### Input data
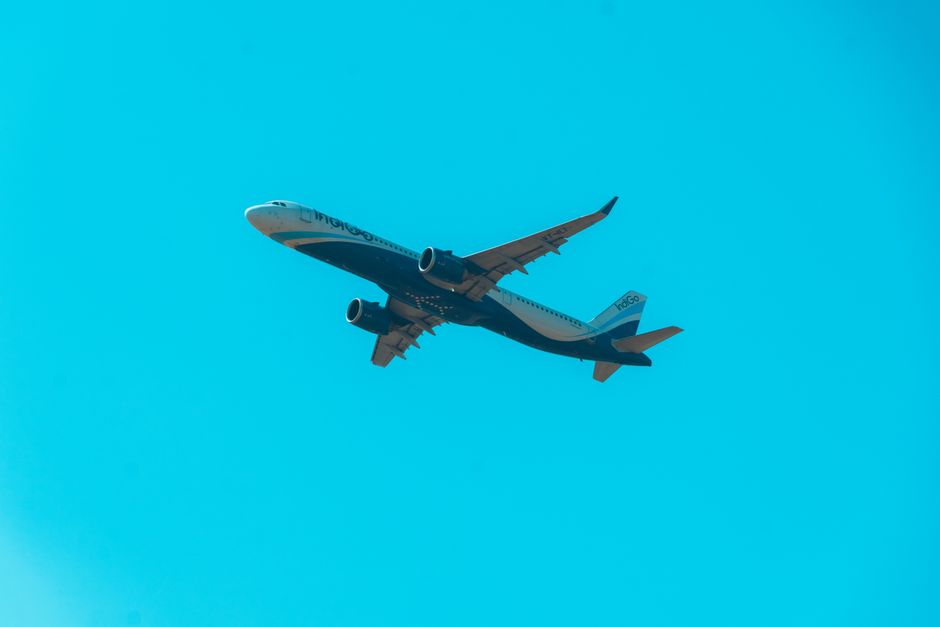 A commercial airplane soars through a clear, cloudless sky, symbolizing global travel and aviation.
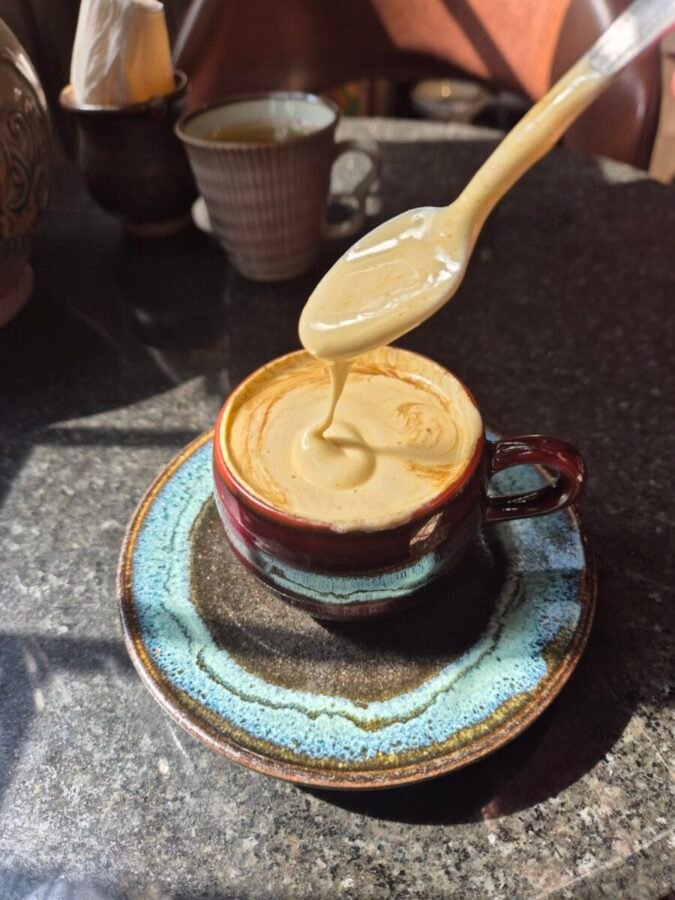 Egg coffee being poured in a café in Hanoi
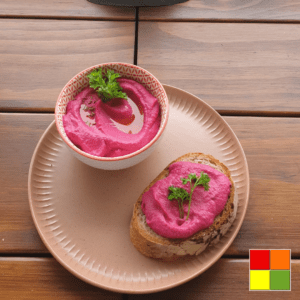 Photo of a wide flat plate with a bowl of Pinky Hummus, and a piece of toast with the hummus on the side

### Try it
Only the lines from the line holding "Egg coffee being poured in a café in Hanoi" through the last line above belong in the answer, repeated exactly; the pictures do not.

### Answer section
 Egg coffee being poured in a café in Hanoi
 Photo of a wide flat plate with a bowl of Pinky Hummus, and a piece of toast with the hummus on the side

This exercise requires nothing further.